Problem: Omit all pictures, then repeat the listing exactly.

Dataset excerpt:
%%
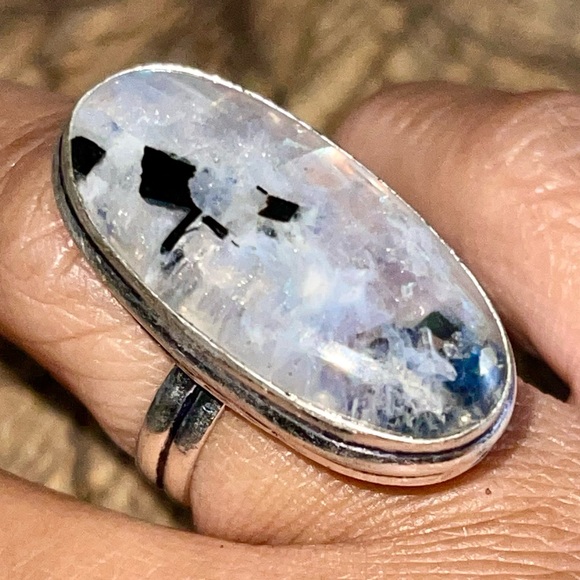 Rainbow Moonstone “The Visionary Stone” Ring 7 1/4 - Picture 2 of 14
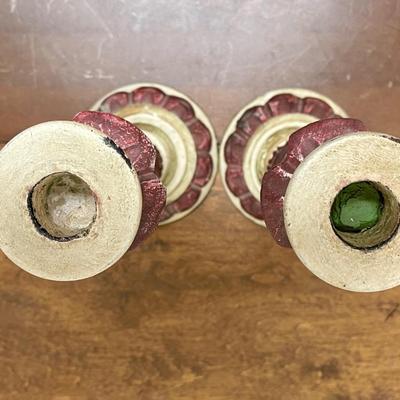 Hand=Crafted Pair of Wooden Candlestick Holders - Painted Cream & Burgundy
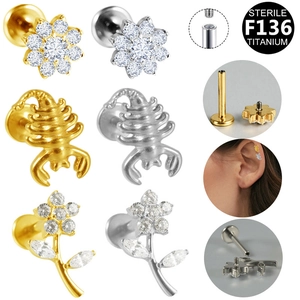 Copper Rhinestone Internally Threaded Lip Stud Flower Scorpion Piercing Stud Earrings For Women Men Gold Silver Jewelry
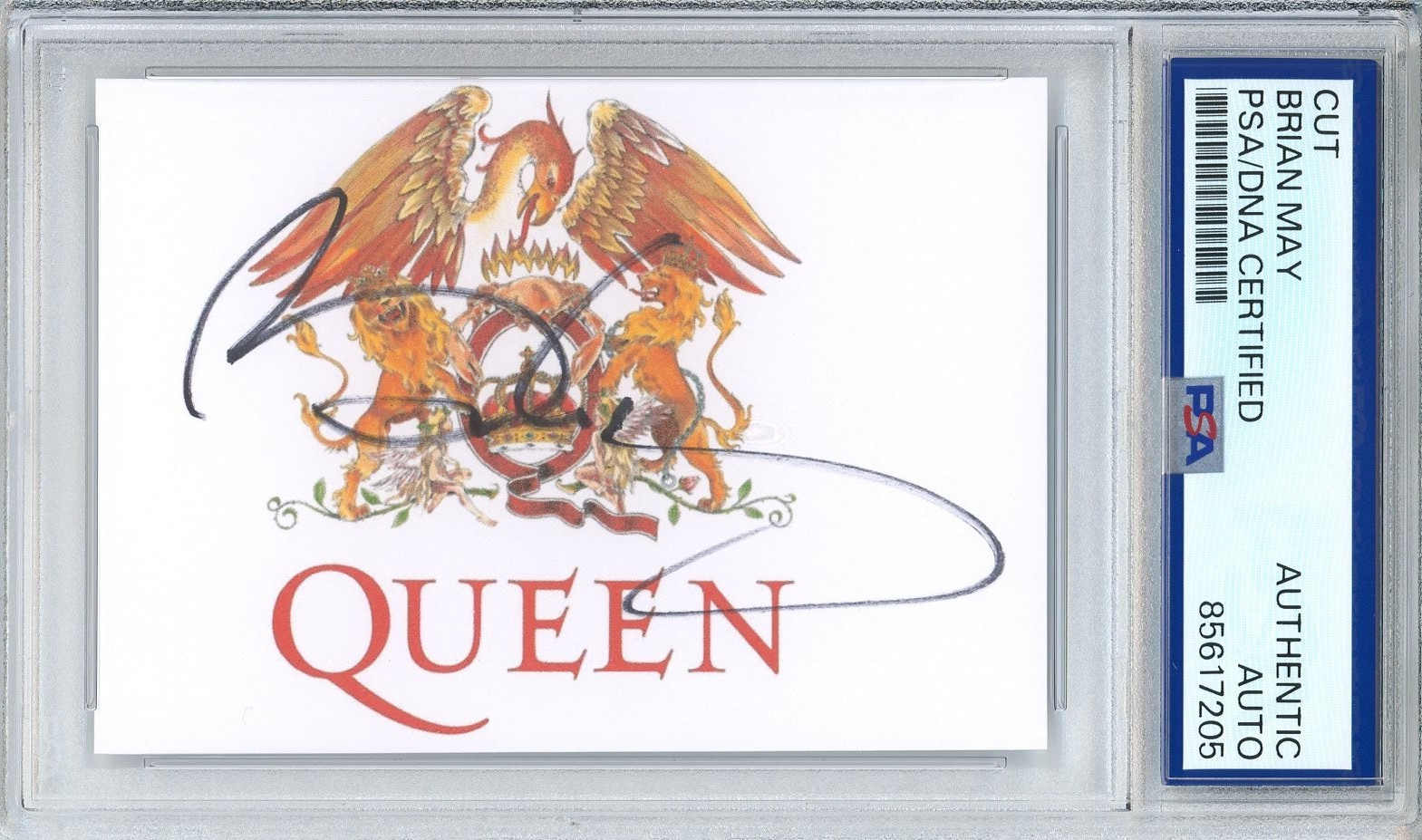Brian May of Queen SIGNED Guitar Band Logo Cut PSA DNA COA Certified Autograph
%%
Task answer:
 Rainbow Moonstone “The Visionary Stone” Ring 7 1/4 - Picture 2 of 14
 Hand=Crafted Pair of Wooden Candlestick Holders - Painted Cream & Burgundy
 Copper Rhinestone Internally Threaded Lip Stud Flower Scorpion Piercing Stud Earrings For Women Men Gold Silver Jewelry
Brian May of Queen SIGNED Guitar Band Logo Cut PSA DNA COA Certified Autograph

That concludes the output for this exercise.